You are correct Sir but don't expect any of these carnal pseudo "Christians" that inhabit this forum to agree with you. Tatooing is a pagan practice fit for heathens and not the child of God. I have two tatoos but after I got saved I covered them up and never display. They are the scars of sin and one day when I receive my glorified body and become like him they will be removed.

BTW most tatoos including mine are not Godly in nature and in fact are wicked.


----------



## rjcruiser (Aug 27, 2012)

Six million dollar ham said:


> Goodness gracious!  You sure are sensitive!  Would a secular misspelled tat do much to reset your sensibilities?



Nope.  You're still a troll only trying to stir up trouble.


----------



## JB0704 (Aug 27, 2012)

Woodsman69 said:


> BTW most tatoos including mine are not Godly in nature and in fact are wicked.



My tatoo is my kid's name. I have since had another child (see avatar), and need to get her name tatooed also.

I don't feel bad about it, or regret getting it.  I'm looking forward to the next.
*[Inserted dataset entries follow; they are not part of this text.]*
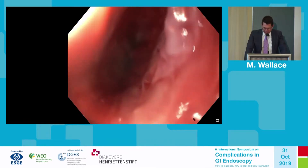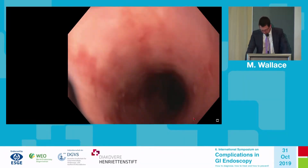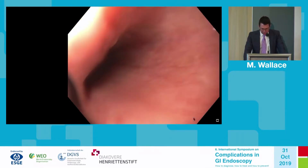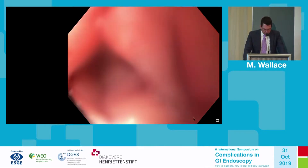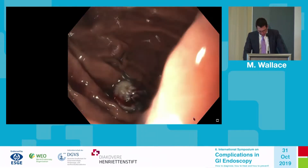There are some mucosal tears here, relatively superficial, but not completely inconsequential. There is also some blood in the esophagus. At the lower esophageal sphincter, there's a small hematoma that you can see.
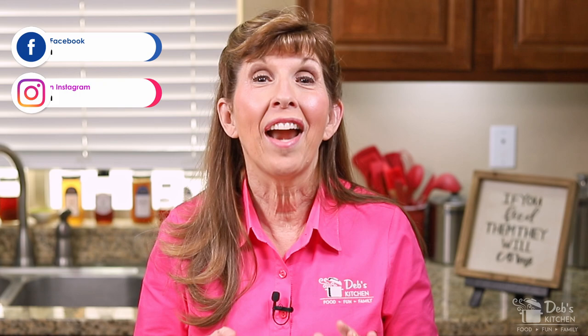Hi, I'm Deb and this is my kitchen. I love lemon squares, but they're often kind of boring and honestly not all that great, even when you get them from a baker. Today I'm going to show you my six secrets for making the best lemon squares you ever had.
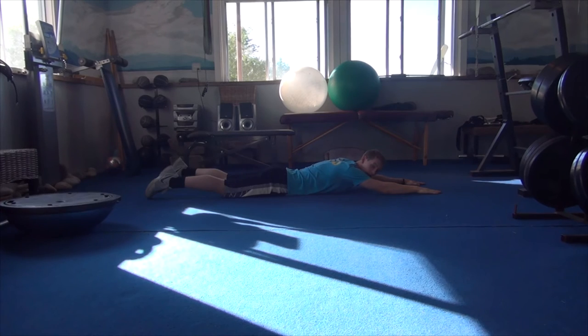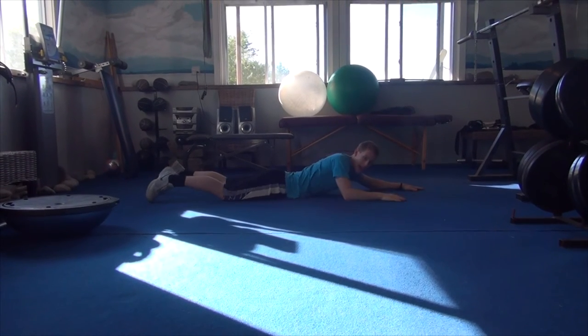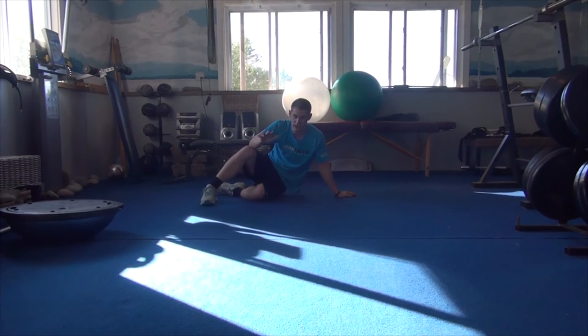The more you bring your upper body up, the more that's going to work your lower back. You just want to be careful that you're not hyperextending too much, and if you have back problems, just be really careful with that.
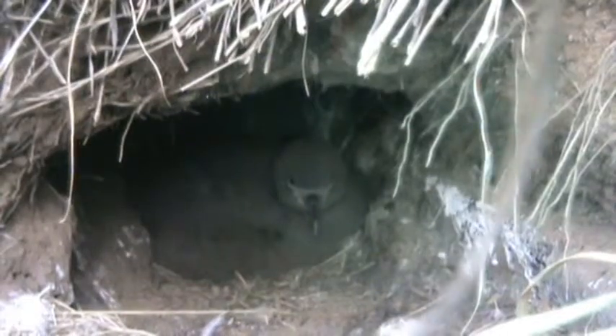Our shearwater chick is basically 11 weeks old. It's got another five weeks to go before it leaves.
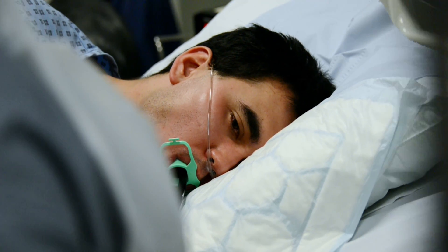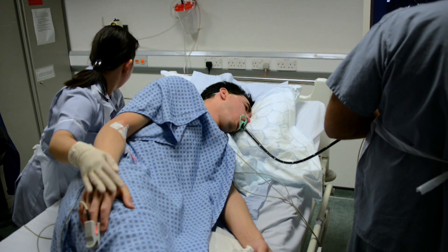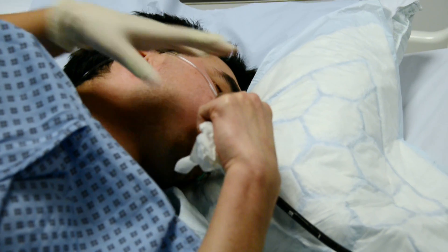The procedure itself, once the probe goes in, usually takes no more than five to ten minutes. The benefits are huge in that you can define what the problem is and plan further management. For the patient, they should not eat or drink four hours before the test.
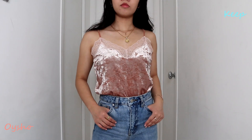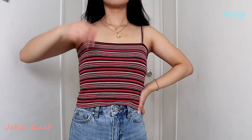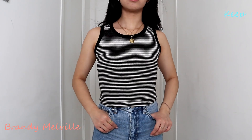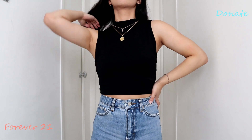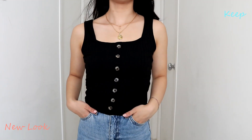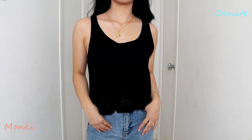Without further ado, let's go try on all of my summer tops. Let's see what happens.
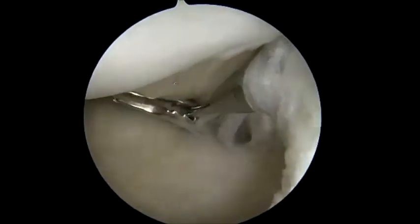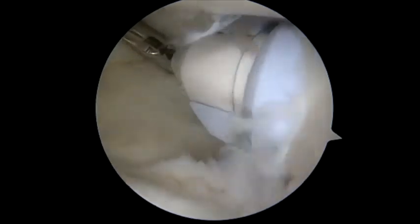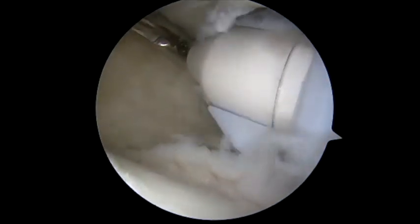You can see here we've made a low posterior inferior portal. We're dilating and placing a Gemini cannula. This portal is usually two to three centimeters inferior on the glenoid to your regular posterior portal. We're viewing from a posterior portal with a standard 30-degree scope.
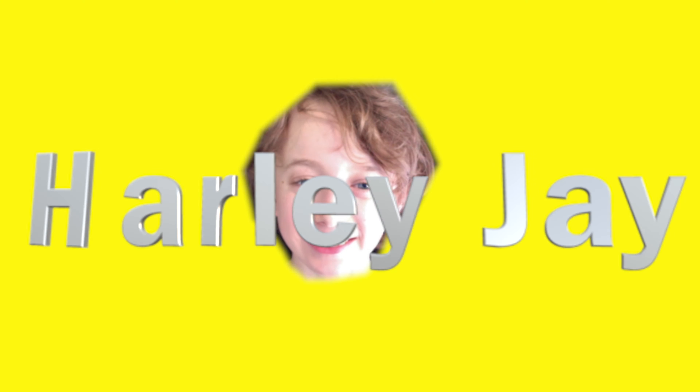I'm Harley J., which you probably already saw in the intro. Today we're going to be looking at the Moment Pro Camera App.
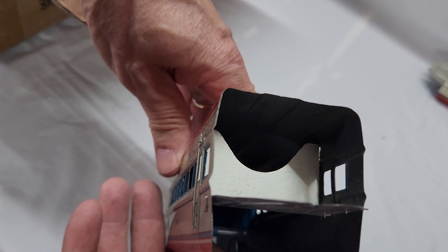Alright, now for the moment of truth — will it run? Here's what I was talking about.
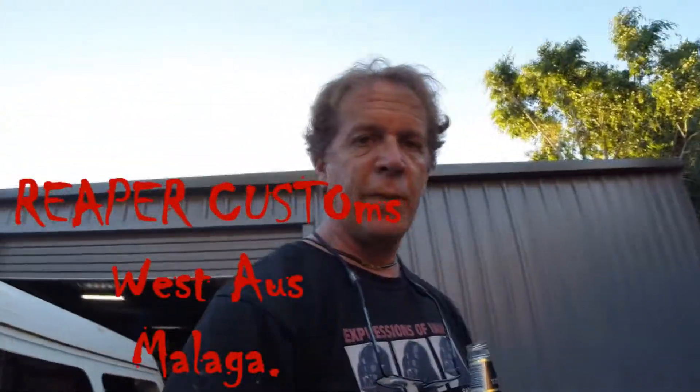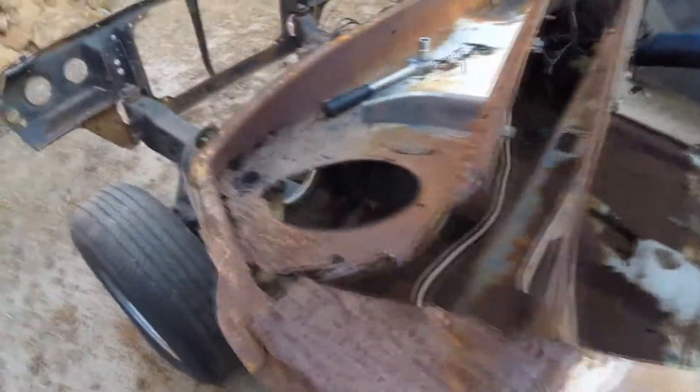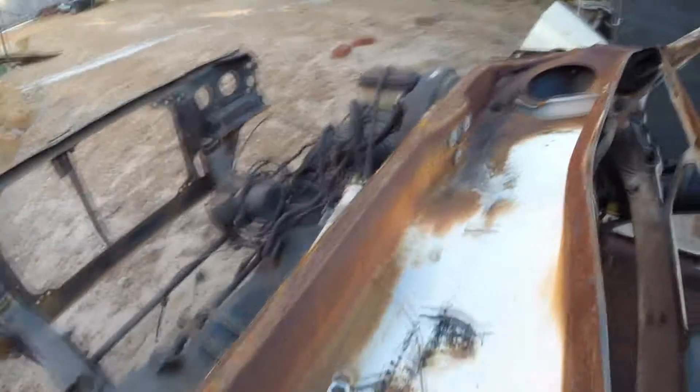Fuck all — it's been under a tarp, it's got wet, it's gone backwards. Apart from one thing: I sent it away to Reaper Customs to have the windscreen plenum taken off all in one piece, because I didn't have the balls to do it. There's the dead one there, and there's the damage on the underneath side which has to be repaired.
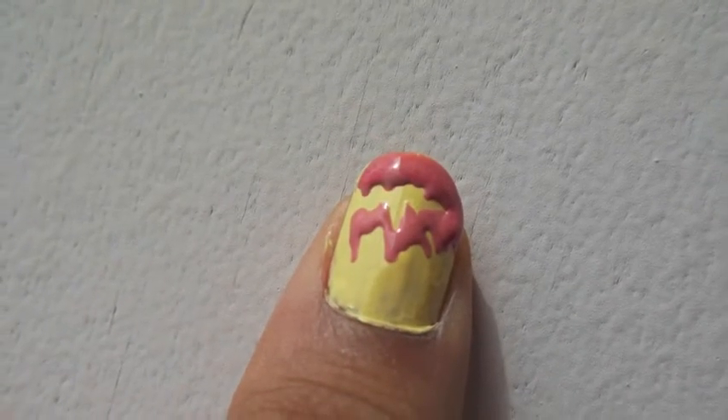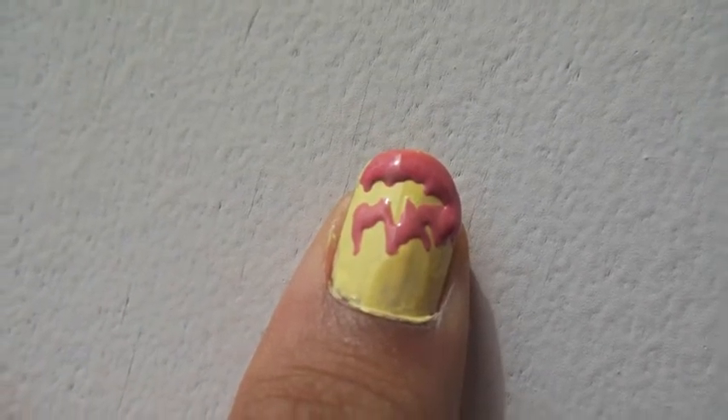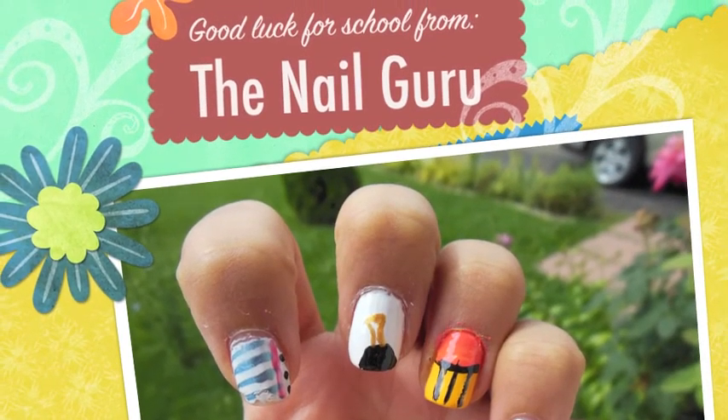Don't forget to add top coat to add shine to your design. Good luck for school! Thank you!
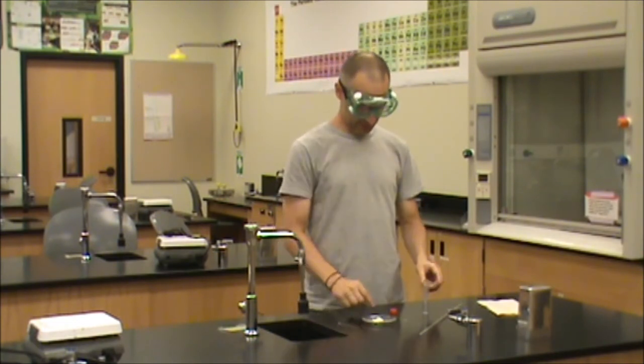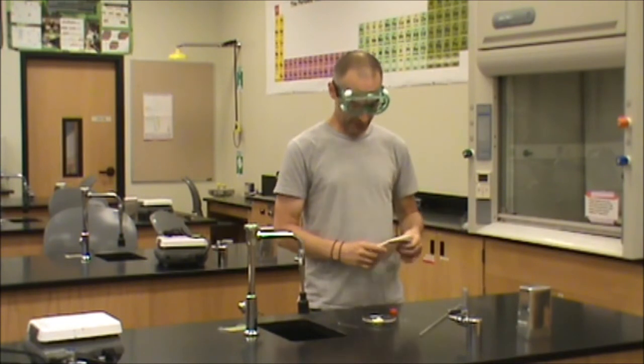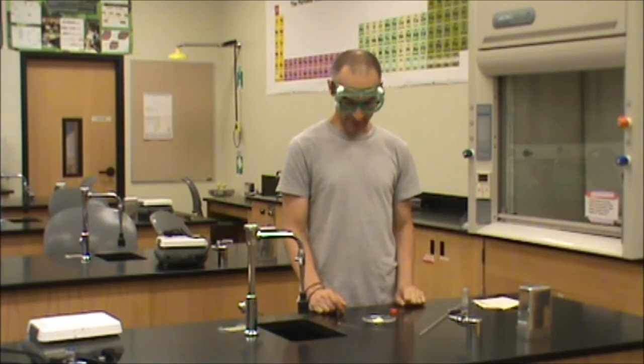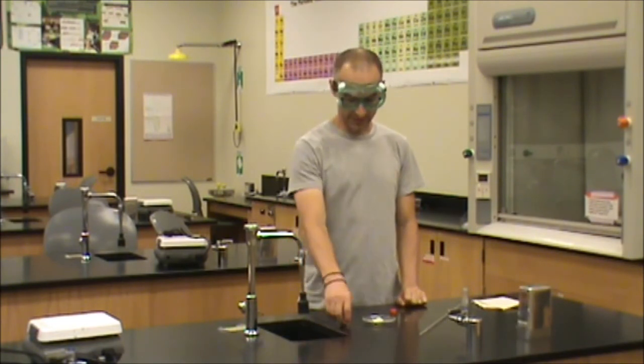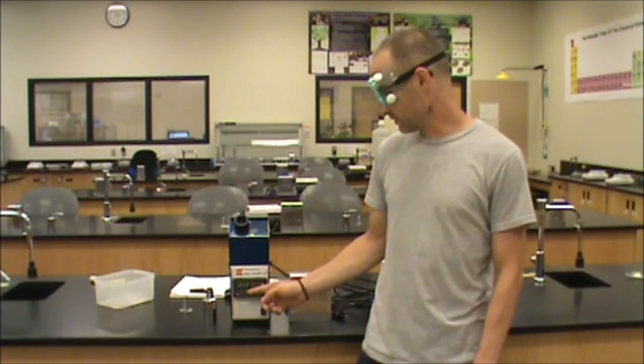One thing to know is that we often spill a little bit of sample on the counter. If you make any mess, I recommend using a damp paper towel to wipe up any sample that might have spilled. Our sample is now packed in the melting point tube and we are ready to measure it. We can see that on the front of the instrument the two temperatures match, indicating that we've reached our starting temperature and the instrument is ready to use.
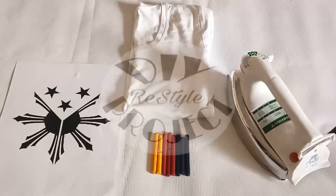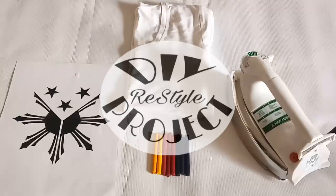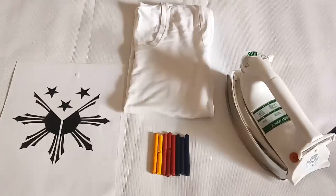Welcome again to my DIY restyle project. For this one it's another fun activity with my son Dudung Rayu, and we're just going to use crayons for printing something on a white shirt.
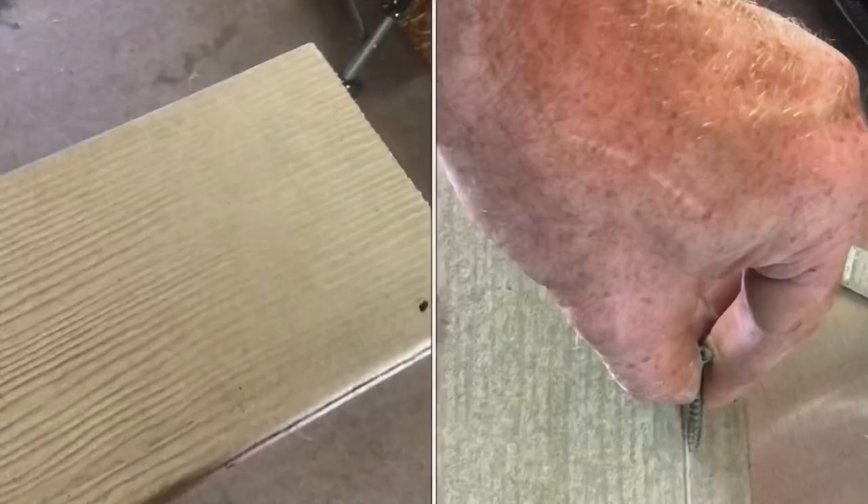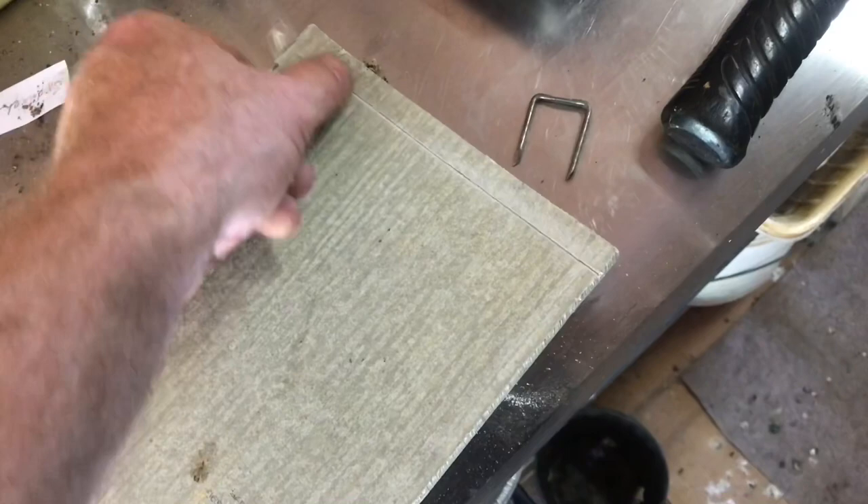This hardy plank is made out of concrete, so it'll dull most saws. You can cut it with a diamond blade, but if you don't have a diamond blade, I'll show you another way.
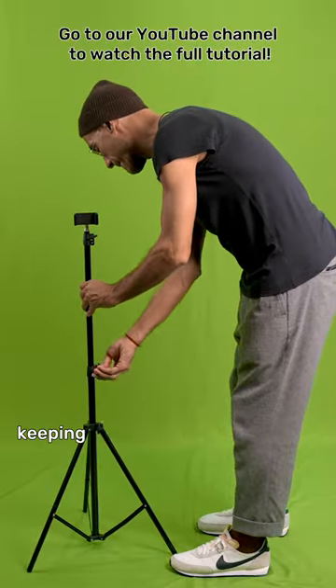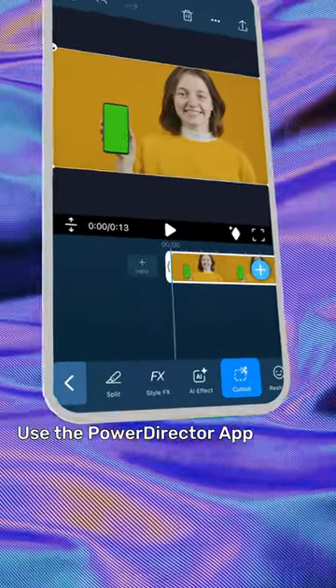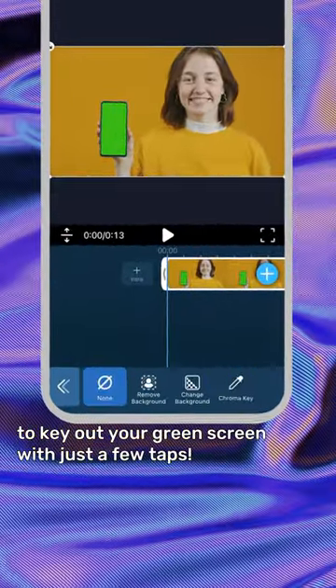Set up your tripod at a distance, keep perspective in mind, and use a leveler if you have one. Use the PowerDirector app to key out your green screen with just a few taps.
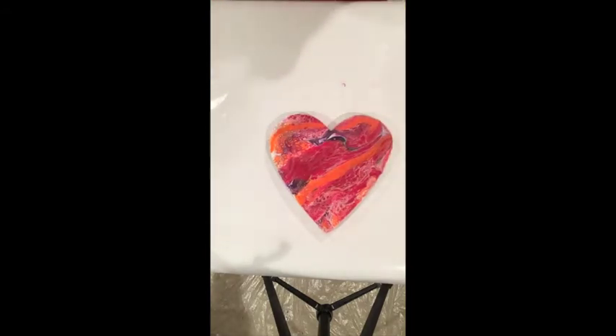That will be the end of this beautiful valentine — when it finally has that varnish on and looks shiny and beautiful. So happy Valentine's Day! I hope you enjoyed this. Please click the like and subscribe buttons below. I'll see you next time. Happy painting!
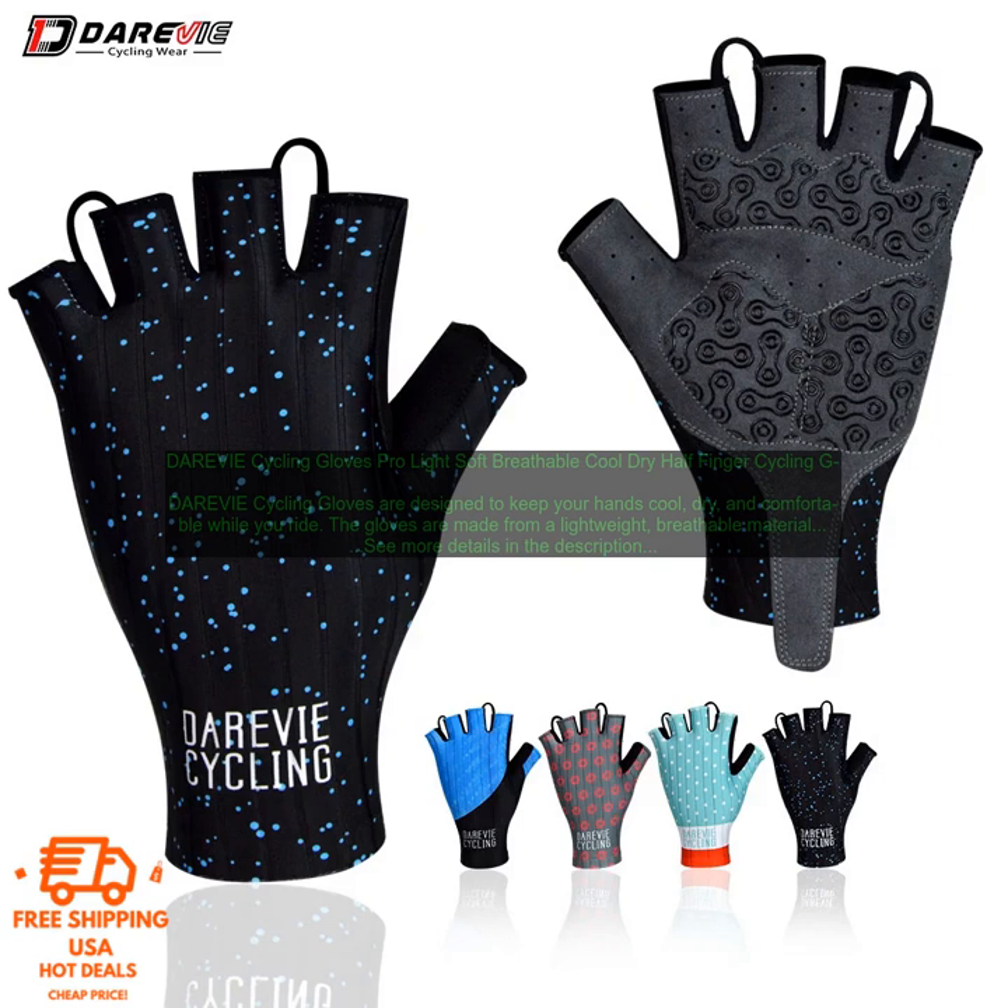Here are some things to consider when choosing a pair of cycling gloves. The type of cycling you will be doing: if you're doing a lot of road cycling, you'll want a pair of gloves that are lightweight and breathable. If you're doing a lot of mountain biking, you'll want a pair of gloves that offer more protection.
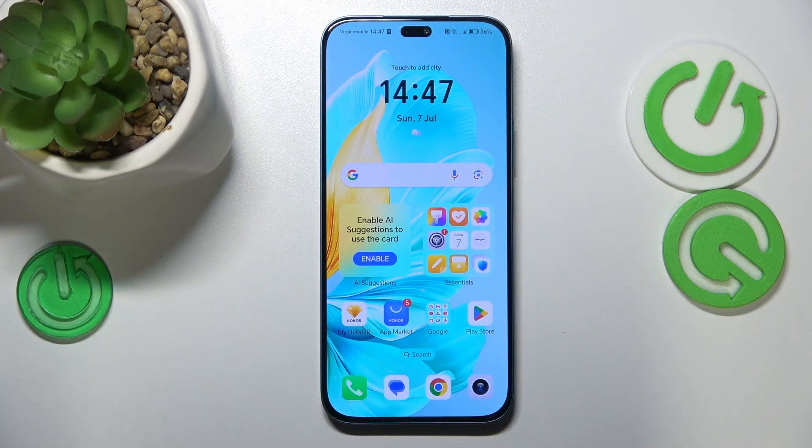This is Honor 200 Lite, and today I will show how you can fix the Wi-Fi connectivity issues on this device.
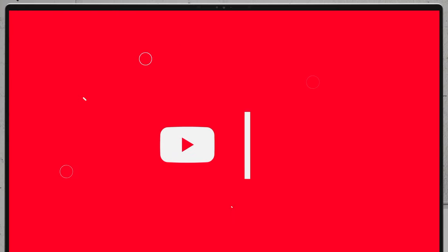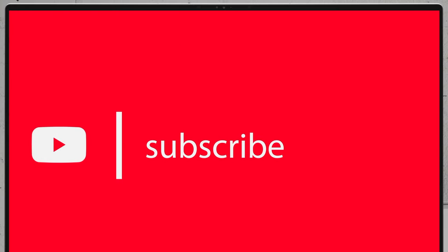If you'd like to see more disassembly videos of the latest notebooks, we would highly appreciate if you hit the like button and subscribe to the channel.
I also look forward to eating pork, and shrimp, and a few other things listed as bad in Leviticus.


----------



## stringmusic (Aug 27, 2012)

JB0704 said:


> My tatoo is my kid's name. I have since had another child (see avatar), and need to get her name tatooed also.
> 
> I don't feel bad about it, or regret getting it.  I'm looking forward to the next.
> 
> I also look forward to eating pork, and shrimp, and a few other things listed as bad in Leviticus.



Satan himself has taken over JB's keyboard......


----------



## JB0704 (Aug 27, 2012)

stringmusic said:


> Satan himself has taken over JB's keyboard......


----------



## stringmusic (Aug 27, 2012)

JB0704 said:


>



He'll be friendly, then he'll offer you a drink, next thing ya know you've got a whole sleeve of tats.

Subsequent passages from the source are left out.